The grandest picture of these ancient events is offered by the Mosenberg, near Manderscheid, a mighty volcano which commands an extensive view of the country. Two old craters lie on its double top, one of which has fallen in, forming a short rocky valley, but the other retains its original regular shape. In the circular funnel, whose walls consist of masses of lava stone, rests a quiet, black lake, that looks very mysterious to the wanderer. Only low juniper bushes grow near the crater, bearing witness to the barrenness of the land. From the foot of this mountain an immense stream of lava, as wide and deep as a glacier, broke forth and flowed into the valley, where the end of the stream is still to be seen in a high, steep wall of rock.THE "CHEESE GROTTO" AT BERTRICH BATHS.

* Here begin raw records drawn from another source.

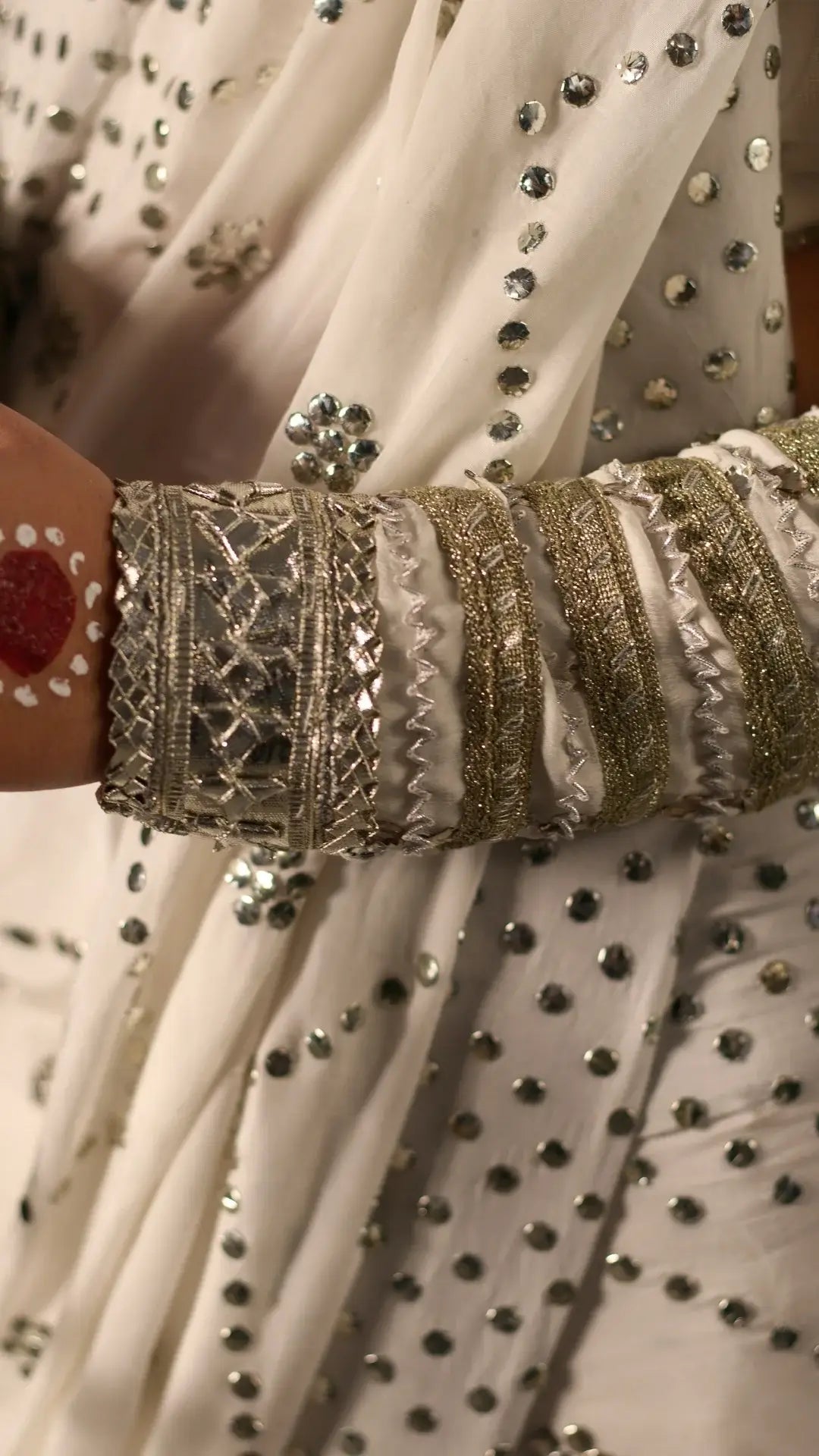 Close-up of a person wearing a traditional outfit with intricate embroidery and jewelry.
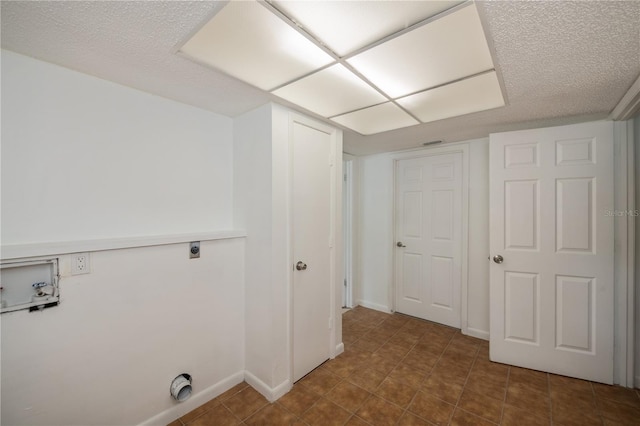 washroom featuring hookup for an electric dryer, a textured ceiling, and washer hookup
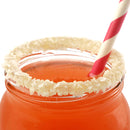 A close-up of an orange drink in a glass jar with a white and pink striped straw, featuring a rim coated in The Spice Lab Key Lime Salt Cocktail Rimmer by The Spice Lab—providing the perfect finishing touch for any margarita or cocktail creation.
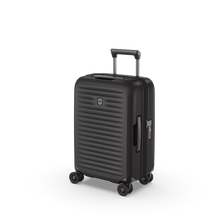 Load image into Gallery viewer, Angled front view of the hard shell suitcase with the telescopic handle partly extended. 
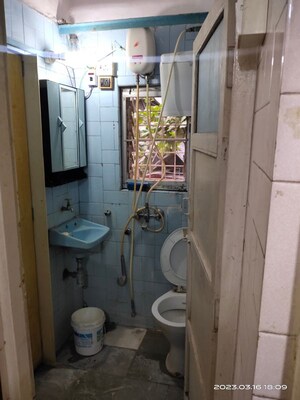 Bathroom in 2 BHK Apartment at Vile Parle West – for Sale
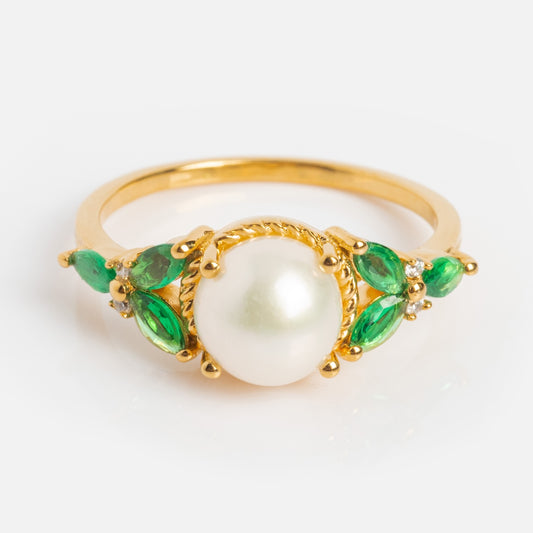 The Vintage Inspired Green CZ and Pearl Statement Ring showcases a large central white pearl, accented by marquise-cut green CZ stones and small round diamonds on each side, displayed against a white background.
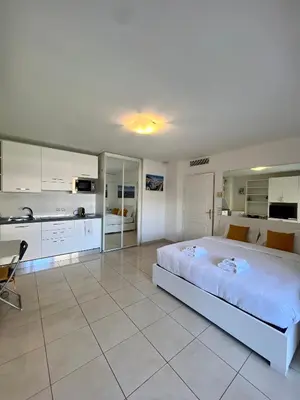a large bedroom with a large bed and a kitchen at Studio Palais de la Méditerranée in Nice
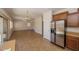 View from the kitchen, showing stainless steel refrigerator and dining space at 14552 W Hearn Rd, Surprise, AZ 85379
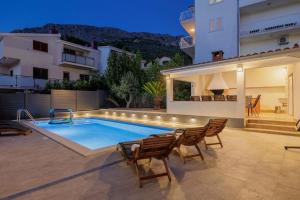 a swimming pool with chairs and a house at Villa Bella Split - Podstrana in Podstrana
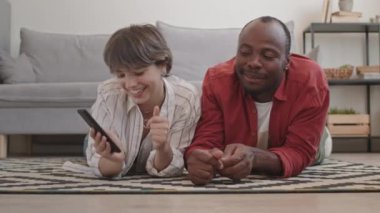 Akıllı telefondan komik dans videoları seyreden ve sürekli hareketler yapan, oturma odasında karnının üzerinde uzanan mutlu ve çeşitli çiftlerin yavaş yavaş gülüşleri.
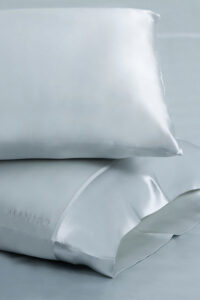 The 22 two-piece silk pillowcase set in elegant soft blue color.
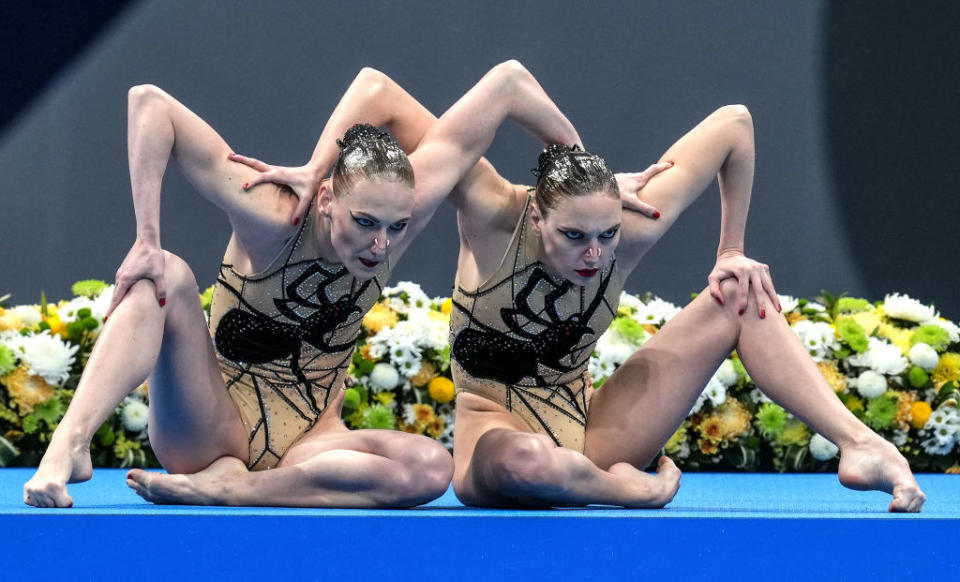 Two swimmers with arms and legs bent, one arm resting on their own knee and the other resting on the other's shoulder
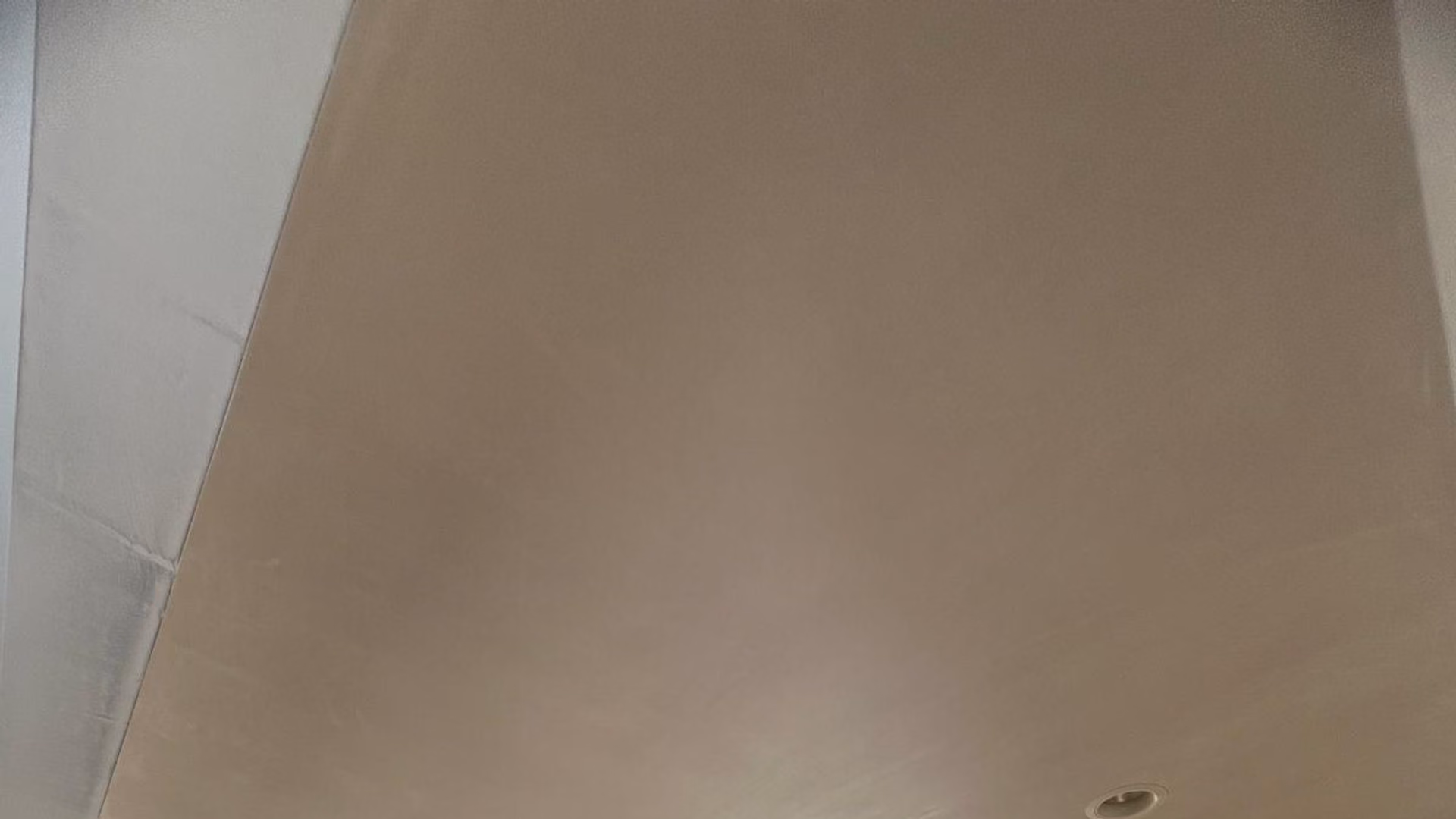 L&A Plastering crew skim-coating a ceiling on a job site in Greater Boston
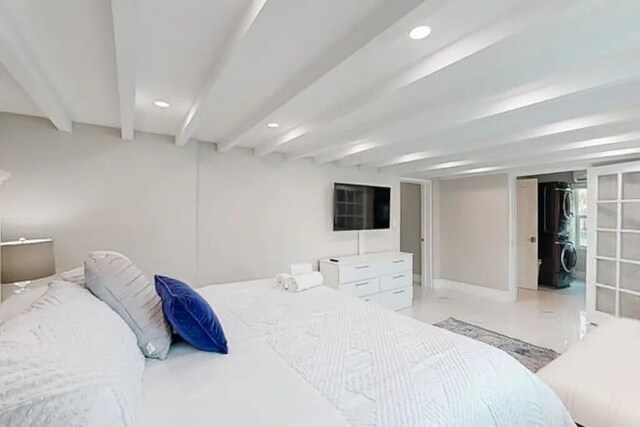 1760 Bel Air Ave, Lauderdale By The Sea, FL 33062 - bedroom with stacked washer / drying machine, beamed ceiling, and recessed lighting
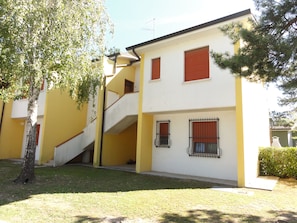 Um edifício de vários andares com escadaria, uma árvore e um gramado bem cuidado.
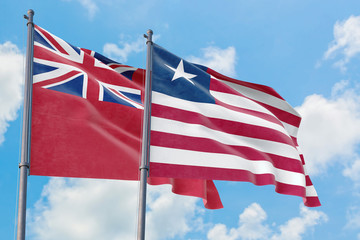 Liberia and Bermuda flags waving in the wind against white cloudy blue sky together. Diplomacy...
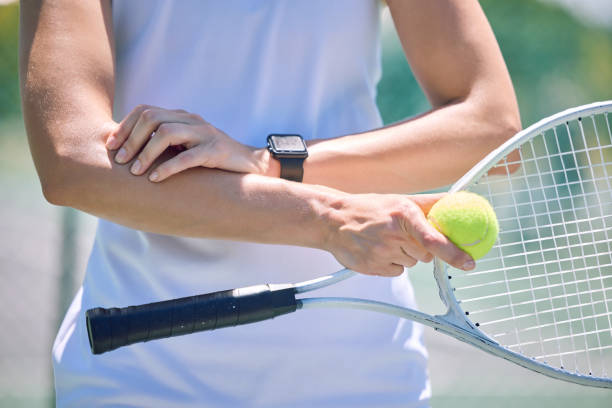 sport-, aktiv- und tennisspieler mit schläger und ball, der auf einem spielbereiten platz steht. nahaufnahme eines fitten, starken und professionellen mannes mit ausrüstung, der eine verletzung an seinem arm berührt. - ellenbogen stock-fotos und bilder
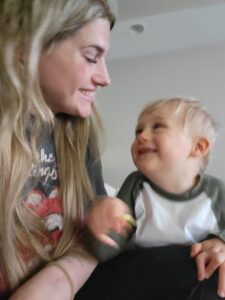 Lennox and his mother Kelsy look at each other with big smiles.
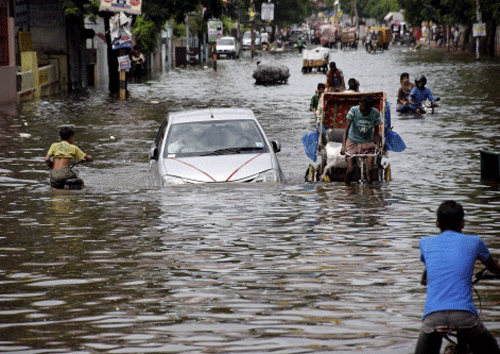 Vehicles move through a waterlogged roads after heavy rains in Patna on Saturday. PTI photo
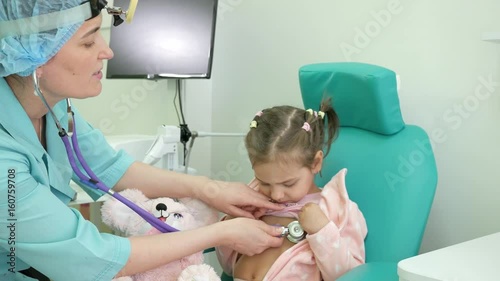 Happy child at doctor's reception, consultation of ENT doctor, otoscopy, advice otolaryngologist in clinic, treatment of ENT diseases in children, Medical procedure, otolaryngologist treats infant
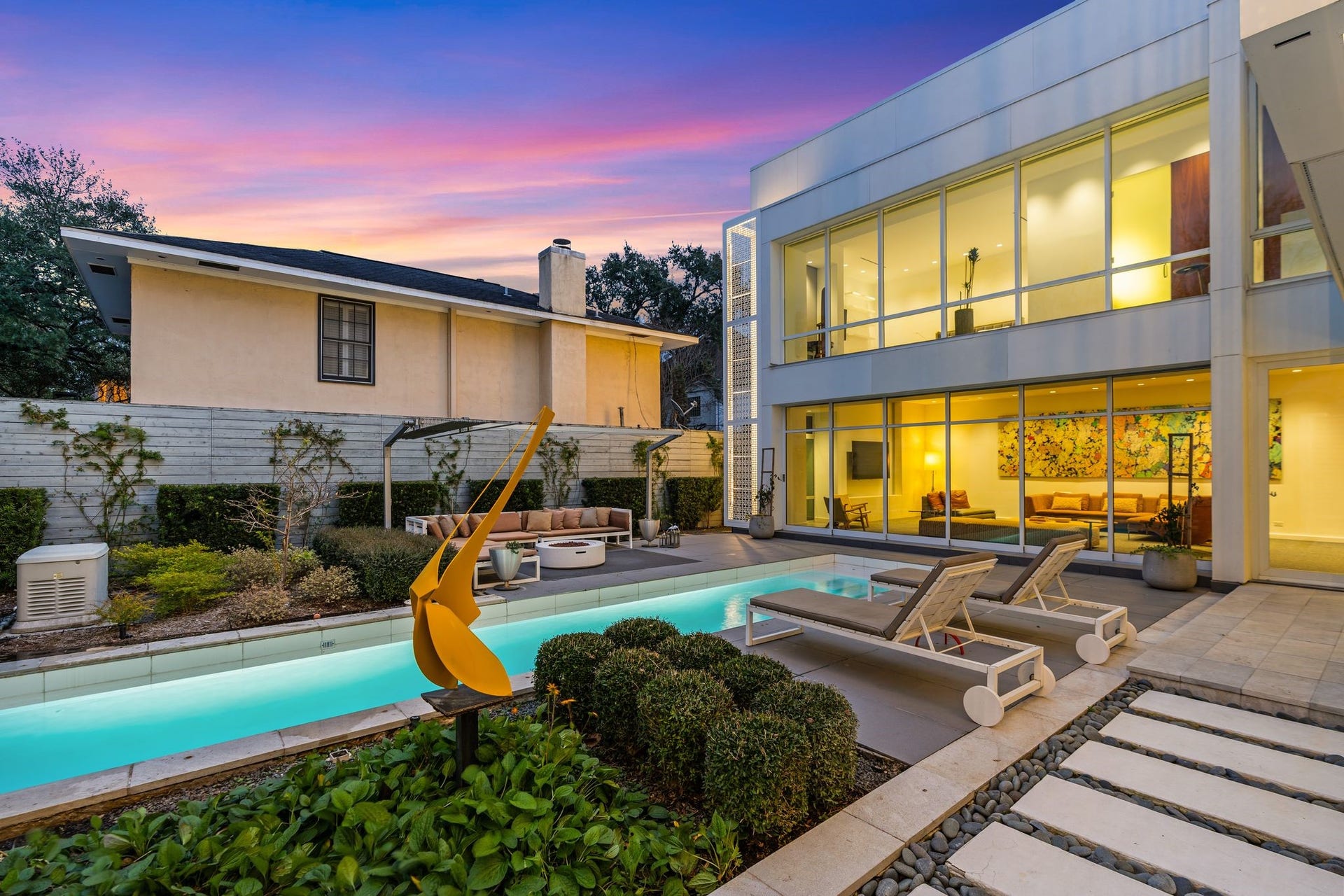 1509 Banks Street, Houston, TX 77006 At dusk, the home glows inwardframing the courtyard as its true focal point.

Similar sights are met all through this western volcanic region, and we can consider the mineral and acid springs, which are very numerous, as the last traces of the former disturbances, the products of the decomposition of the volcanic stones buried in the earth. At Bertrich Baths there are hot springs which were known to the Romans, for numerous antiquities dating from their time have been excavated here. Near these springs, at Bertrich, there is a "Cheese Grotto," which is a break through the foot of a stream of lava, the stones of which have not assumed the usual form of solidified columns, but have taken flat, round shapes which resemble the forms of cheeses.
Now we have completed our wanderings, which required only a few days, although they extended over this whole volcanic region, and which end here on the Moselle. - Ueber Land und Meer; Allgemeine Illustrirte Zeitung.